Uno spiraglio di luce: è quel che rincorre l’industria della filatura italiana riunita alla Fortezza da Basso di Firenze (fino a giovedì 30 gennaio) per il salone Pitti Filati, vetrina delle collezioni di filati per maglieria per la primavera-estate 2026. Dei 114 espositori, italiani e stranieri, 69 sono produttori di filati (gli altri sono aziende di macchine tessili, ricami, finissaggi, software e maglifici) e di questi 29 arrivano dal distretto tessile di Prato, che nel quarto trimestre 2024 ha visto un incremento della produzione di filati (+4,5%) considerato però poco significativo perché calcolato sul quarto trimestre 2023, in cui avvenne la terribile alluvione che ha colpito numerose aziende del distretto. Nel complesso la produzione di filati nel 2024 a Prato segnerà -4,5%, un dato in linea con quello nazionale.
Bene il 2021 e il 2022, male il 2023 e il 2024
L’industria della filatura italiana l’anno scorso ha infatti perso per strada il 6,2% del fatturato, secondo le stime di Confindustria Moda, scendendo a 2,7 miliardi di euro e tornando, di fatto, ai livelli pre-Covid del 2019. Dopo l’impennata del 2021 e del 2022, l’ultimo biennio è stato deludente sia per la filatura laniera (che vale l’83% del fatturato totale), sia per il cotone e il lino. In flessione l’anno scorso anche l’export (-4,1% a 833 milioni), che nei filati ha un peso più contenuto che negli altri comparti moda (poco più del 30%) perché gran parte vengono trasformati in Italia.

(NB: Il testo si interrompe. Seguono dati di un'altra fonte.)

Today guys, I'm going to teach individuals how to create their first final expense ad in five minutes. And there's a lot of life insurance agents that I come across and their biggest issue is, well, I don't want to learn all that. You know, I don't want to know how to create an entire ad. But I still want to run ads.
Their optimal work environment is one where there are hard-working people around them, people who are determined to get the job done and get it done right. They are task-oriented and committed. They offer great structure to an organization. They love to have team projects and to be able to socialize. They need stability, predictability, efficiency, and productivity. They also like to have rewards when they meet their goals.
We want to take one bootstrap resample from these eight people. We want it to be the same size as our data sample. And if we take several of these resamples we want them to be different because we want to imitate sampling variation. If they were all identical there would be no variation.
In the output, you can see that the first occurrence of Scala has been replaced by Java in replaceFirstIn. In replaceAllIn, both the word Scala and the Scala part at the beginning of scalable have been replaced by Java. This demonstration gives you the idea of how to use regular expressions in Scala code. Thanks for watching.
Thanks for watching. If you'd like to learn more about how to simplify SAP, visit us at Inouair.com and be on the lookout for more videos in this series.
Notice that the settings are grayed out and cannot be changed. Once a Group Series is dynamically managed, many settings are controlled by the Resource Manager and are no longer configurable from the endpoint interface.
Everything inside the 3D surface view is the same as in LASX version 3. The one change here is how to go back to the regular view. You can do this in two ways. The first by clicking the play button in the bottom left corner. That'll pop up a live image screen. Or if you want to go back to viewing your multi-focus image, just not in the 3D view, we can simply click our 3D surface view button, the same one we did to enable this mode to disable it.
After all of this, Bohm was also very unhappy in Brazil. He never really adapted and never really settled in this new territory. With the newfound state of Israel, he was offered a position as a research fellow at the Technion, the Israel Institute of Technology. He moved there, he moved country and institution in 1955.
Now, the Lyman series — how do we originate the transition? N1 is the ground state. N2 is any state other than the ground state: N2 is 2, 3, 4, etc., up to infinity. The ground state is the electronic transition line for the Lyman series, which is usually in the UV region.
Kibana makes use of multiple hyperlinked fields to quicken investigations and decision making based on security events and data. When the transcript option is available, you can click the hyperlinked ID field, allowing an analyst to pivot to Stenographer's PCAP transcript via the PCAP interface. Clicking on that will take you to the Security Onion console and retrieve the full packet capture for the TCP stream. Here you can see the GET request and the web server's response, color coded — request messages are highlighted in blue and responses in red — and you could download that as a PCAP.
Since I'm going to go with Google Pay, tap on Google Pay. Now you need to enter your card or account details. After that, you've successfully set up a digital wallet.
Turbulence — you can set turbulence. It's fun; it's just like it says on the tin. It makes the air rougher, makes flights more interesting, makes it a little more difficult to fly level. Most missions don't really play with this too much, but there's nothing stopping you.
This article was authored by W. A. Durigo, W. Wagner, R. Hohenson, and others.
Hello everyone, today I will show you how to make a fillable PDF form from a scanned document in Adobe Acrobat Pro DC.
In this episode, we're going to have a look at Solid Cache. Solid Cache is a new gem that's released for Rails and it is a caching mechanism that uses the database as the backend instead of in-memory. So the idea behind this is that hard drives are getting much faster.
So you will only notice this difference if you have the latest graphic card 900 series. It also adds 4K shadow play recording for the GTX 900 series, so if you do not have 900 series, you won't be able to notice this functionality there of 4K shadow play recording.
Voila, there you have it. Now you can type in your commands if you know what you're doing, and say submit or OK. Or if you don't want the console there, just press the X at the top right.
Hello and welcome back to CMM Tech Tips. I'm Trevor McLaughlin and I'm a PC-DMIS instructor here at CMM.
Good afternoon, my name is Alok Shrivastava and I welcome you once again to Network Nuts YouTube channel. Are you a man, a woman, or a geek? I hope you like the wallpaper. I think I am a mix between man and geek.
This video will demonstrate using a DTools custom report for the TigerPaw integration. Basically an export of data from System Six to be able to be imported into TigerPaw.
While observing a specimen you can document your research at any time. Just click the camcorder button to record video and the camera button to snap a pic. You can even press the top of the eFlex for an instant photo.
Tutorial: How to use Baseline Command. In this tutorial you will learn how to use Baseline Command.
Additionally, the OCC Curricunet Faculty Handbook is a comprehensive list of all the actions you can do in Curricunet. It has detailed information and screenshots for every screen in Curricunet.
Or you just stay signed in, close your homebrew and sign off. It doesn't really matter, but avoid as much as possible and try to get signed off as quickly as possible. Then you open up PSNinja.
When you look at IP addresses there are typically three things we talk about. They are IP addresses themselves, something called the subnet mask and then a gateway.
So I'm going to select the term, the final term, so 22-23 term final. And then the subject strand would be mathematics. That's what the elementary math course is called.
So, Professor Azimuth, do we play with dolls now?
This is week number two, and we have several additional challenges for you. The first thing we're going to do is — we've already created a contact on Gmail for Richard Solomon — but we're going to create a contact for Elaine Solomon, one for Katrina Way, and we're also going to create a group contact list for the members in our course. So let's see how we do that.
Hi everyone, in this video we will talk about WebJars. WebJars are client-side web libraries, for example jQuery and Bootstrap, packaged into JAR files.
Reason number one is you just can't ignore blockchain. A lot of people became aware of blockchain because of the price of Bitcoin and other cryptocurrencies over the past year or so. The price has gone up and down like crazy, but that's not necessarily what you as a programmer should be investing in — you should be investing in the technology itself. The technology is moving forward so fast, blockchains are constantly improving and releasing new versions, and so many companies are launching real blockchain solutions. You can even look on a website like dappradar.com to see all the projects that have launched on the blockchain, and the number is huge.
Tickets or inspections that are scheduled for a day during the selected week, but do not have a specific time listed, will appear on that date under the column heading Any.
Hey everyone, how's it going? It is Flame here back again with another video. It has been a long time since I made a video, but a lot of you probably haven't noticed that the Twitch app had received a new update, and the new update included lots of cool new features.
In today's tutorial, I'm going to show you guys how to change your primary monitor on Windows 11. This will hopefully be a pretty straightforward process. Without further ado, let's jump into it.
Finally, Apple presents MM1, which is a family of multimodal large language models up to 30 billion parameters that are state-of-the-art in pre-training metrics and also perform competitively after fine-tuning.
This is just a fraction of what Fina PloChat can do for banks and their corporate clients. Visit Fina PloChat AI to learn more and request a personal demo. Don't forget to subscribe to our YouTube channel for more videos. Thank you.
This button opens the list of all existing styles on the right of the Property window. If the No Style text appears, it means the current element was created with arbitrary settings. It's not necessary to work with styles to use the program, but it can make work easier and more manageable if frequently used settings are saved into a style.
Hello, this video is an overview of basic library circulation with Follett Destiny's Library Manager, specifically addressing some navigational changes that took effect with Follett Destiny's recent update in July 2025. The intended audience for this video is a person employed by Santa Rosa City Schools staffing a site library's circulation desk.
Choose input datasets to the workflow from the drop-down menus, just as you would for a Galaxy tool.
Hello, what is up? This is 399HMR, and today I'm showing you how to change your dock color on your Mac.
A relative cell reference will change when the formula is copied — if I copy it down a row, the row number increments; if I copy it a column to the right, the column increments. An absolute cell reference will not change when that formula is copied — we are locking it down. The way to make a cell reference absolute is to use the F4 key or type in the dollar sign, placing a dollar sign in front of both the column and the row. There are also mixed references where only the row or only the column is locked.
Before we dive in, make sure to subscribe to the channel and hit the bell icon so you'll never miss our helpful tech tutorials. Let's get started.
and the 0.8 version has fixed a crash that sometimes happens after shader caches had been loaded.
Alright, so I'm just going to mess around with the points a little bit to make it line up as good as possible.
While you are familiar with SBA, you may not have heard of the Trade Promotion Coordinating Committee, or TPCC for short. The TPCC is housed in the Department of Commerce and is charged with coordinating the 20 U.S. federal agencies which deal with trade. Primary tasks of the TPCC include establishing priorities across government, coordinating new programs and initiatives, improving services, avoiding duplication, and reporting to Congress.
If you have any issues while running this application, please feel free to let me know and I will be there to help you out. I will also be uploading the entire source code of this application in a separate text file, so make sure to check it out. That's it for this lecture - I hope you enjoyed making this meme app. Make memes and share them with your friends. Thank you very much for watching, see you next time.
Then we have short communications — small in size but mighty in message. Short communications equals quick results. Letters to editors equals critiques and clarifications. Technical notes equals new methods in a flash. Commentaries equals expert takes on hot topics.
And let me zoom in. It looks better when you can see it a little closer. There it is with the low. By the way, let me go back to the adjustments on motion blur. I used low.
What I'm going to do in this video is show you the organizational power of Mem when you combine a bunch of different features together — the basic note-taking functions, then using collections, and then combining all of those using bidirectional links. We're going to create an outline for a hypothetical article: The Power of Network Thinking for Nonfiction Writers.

Come la moda uomo e la moda junior, anche l’industria della filatura nel 2024 migliora il saldo commerciale grazie alla forte discesa dell’import: il risultato torna in nero e segna +36 milioni.
“La crisi è nel segmento lusso”
Tornando agli espositori del distretto di Prato, una delle aziende leader, Lineapiù Italia regina dei filati fantasia, ha chiuso il 2024 con 30 milioni di fatturato, in calo del 16%, ma mantenendo la redditività, e nel 2025 prevede un andamento in linea. “Non mi aspetto un grande anno, la crisi è nel settore lusso”, dice il patron Alessandro Bastagli. Si lascia alle spalle la flessione anche il Lanificio dell’Olivo, che fa capo al fondo Ethical Global Investments: “Nel 2024 siamo scesi da 20,6 milioni a 19 milioni – spiega il ceo Fabio Campana – è stato un anno in cui abbiamo investito alcuni milioni per risollevarci dall’alluvione che ci aveva colpito, abbiamo rifatto gli uffici, la logistica, inserito nuovi macchinari e siamo pronti per la ripresa”.
Ci sono ancora ostacoli sul cammino della ripresa (che si intravede)
Gli ostacoli sul cammino ci sono ancora: “I brand tendono sempre più ad avere una visione ‘time to market’ – spiega Raffaella Pinori, titolare della pratese Pinori Filati – e questo vuol dire ad esempio che, se non fai il pronto moda sulla collezione invernale, nei mesi di settembre, ottobre e novembre non lavori. In questa situazione quando hai bisogno di maestranze specializzate è difficile trovarle per pochi mesi. Non puoi fare programmazione, sei sempre sotto pressione”. L’imprenditore pratese Stefano Borsini sparge fiducia: “Nonostante il momento non brillante, le aspettative sono buone: il successo di Pitti Uomo fa pensare a un risveglio di interesse per prodotti moda di livello elevato.”